For his $100 million Roman epic, Ridley Scott
needed a real contender, a true GLADIATOR. Someone who could tackle
tigers, fight fatigue an still have enough slugs left for a beer.
He needed, in other words, Russell Crowe - the next action hero...
So you think you're a contender? Just 'cause you played a hard man
once or twice, doesn't mean you can go the distance. Do you even
know that it takes to become an action hero, anyway? Sometimes it
takes a single film; one bus ride was all it took to turn Keanu
Reeves from slacker dude into "the chosen one"; sometimes
a solitary sequence is enough: one rev of a stolen German motorbike
worked for Steve McQueen. But that doesn't mean you're gonna get
lucky. Roger Moore did half a dozen Bond movies, but would anyone
seriously describe him as an "action hero"? Whole other
The credentials of Russell Crowe, the contender
from Down Under, look impressive. This is, after all, a man who
lives on a 560-acre farm, in a remote corner of New South Wales,
which he likes to walk - that's WALK - around. "I've got little
backpacks in all the main buildings," explains Crowe of his
daily constitutional. They have little bush stoves with powdered
milk, coffee and sugar, and a metal cup and a Billie, and I just
pick up the pack and walk off." Let's be clear from the start:
Russell Crowe is not a Starbucks cappuccino man. "Rugged"
is the word.
Of course, rugged along does not an action hero make, but Crowe
does appear to have the necessary celluloid
credentials. By his own admission he's done plenty of "physically
demanding" stuff before, notably as the cyber-villain Sid 6.7
in Virtuosity (1995) or skinhead Hando in Romper Stomper
(1992). And, of course, there was Crowe's breakout performance as
vice cop Bud White in 1997s LA Confidential, a man Russell
describes with delicate understatement as a "very physical
guy". But there's still a big difference between a "physical
guy" and an action hero. With Bud, explains Russell, "There
were three or four points (of action). Like, at a certain point
you rough a bloke up a bit and at a certain point you have a big
"hooley dooley" two hander, you and a bloke having a go,
but that's going to be done in a day." Single day "hooley-dooleys"

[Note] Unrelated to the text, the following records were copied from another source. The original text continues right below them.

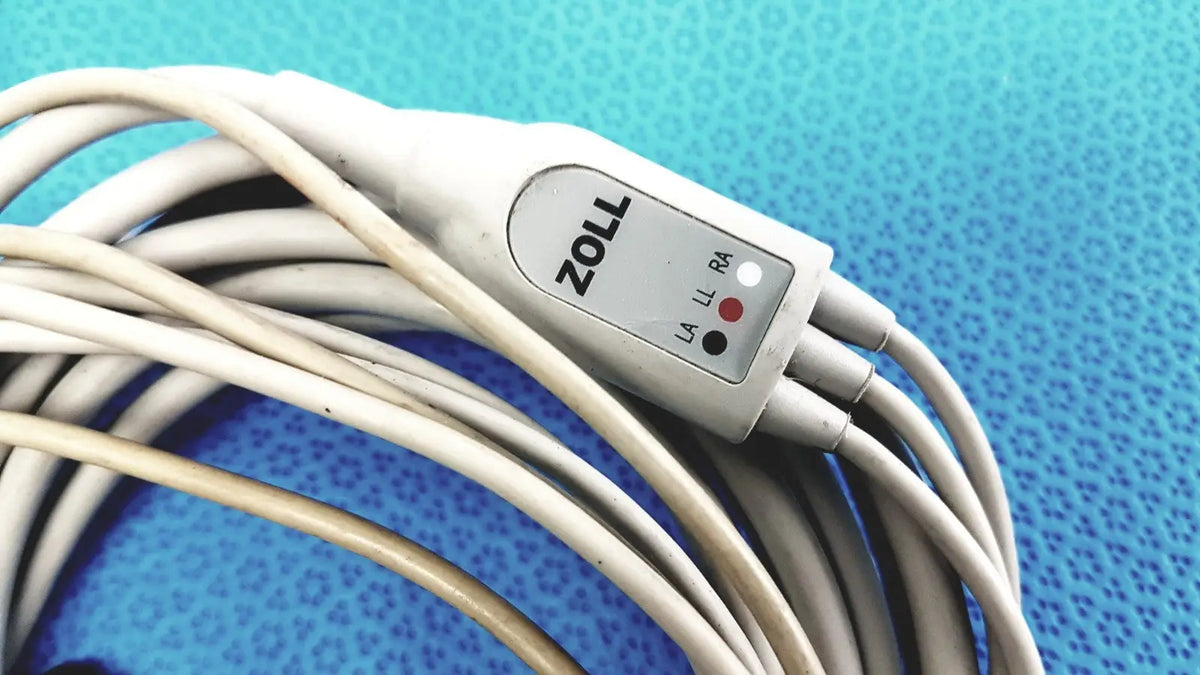 White zoll 3-lead ecg ekg patient monitoring cable with multiple leads and indicator lights lot of 2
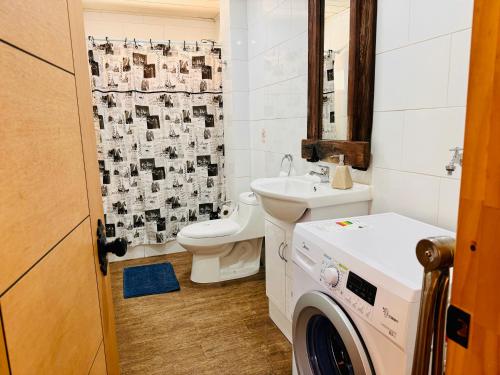 Ένα μπάνιο στο Cabañas con tinajas calientes en Parque Guaiquivilo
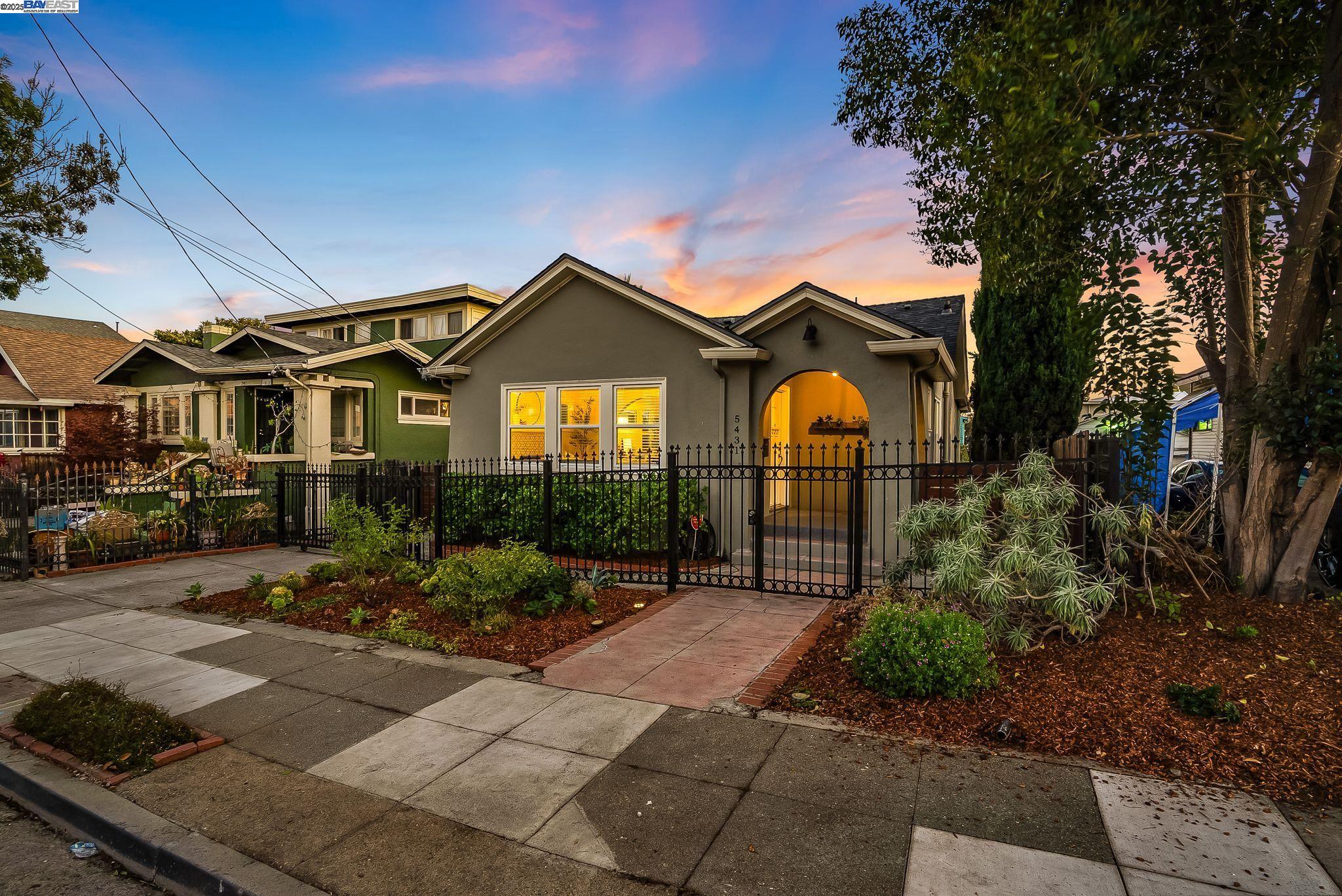 Detail Gallery Image 6 of 46 For 5431 Ygnacio Ave, Oakland,  CA 94601 - 3 Beds | 2 Baths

(whatever they are) are one thing, but as Maximus, the general turned
titular gladiator in Ridley Scott's full blown Roman epic, the stakes,
the scale are all different: this is action hero territory. As Russell
notes at the end of yet another hard day towards the end of a demanding
shoot "This is unrelenting. When I have a day when all I do
is sit in a cell, it's like, 'Thank God'" he shrugs. I really
am being run ragged." Welcome to the big leagues boyo. Still
think you're a contender? Well, if you wanna be the next action
hero, there's a lot you gotta learn, a lot to overcome. The modern
day action hero has unseen enemies everywhere: commitment, boredom
and, of course, f***ing great big tigers....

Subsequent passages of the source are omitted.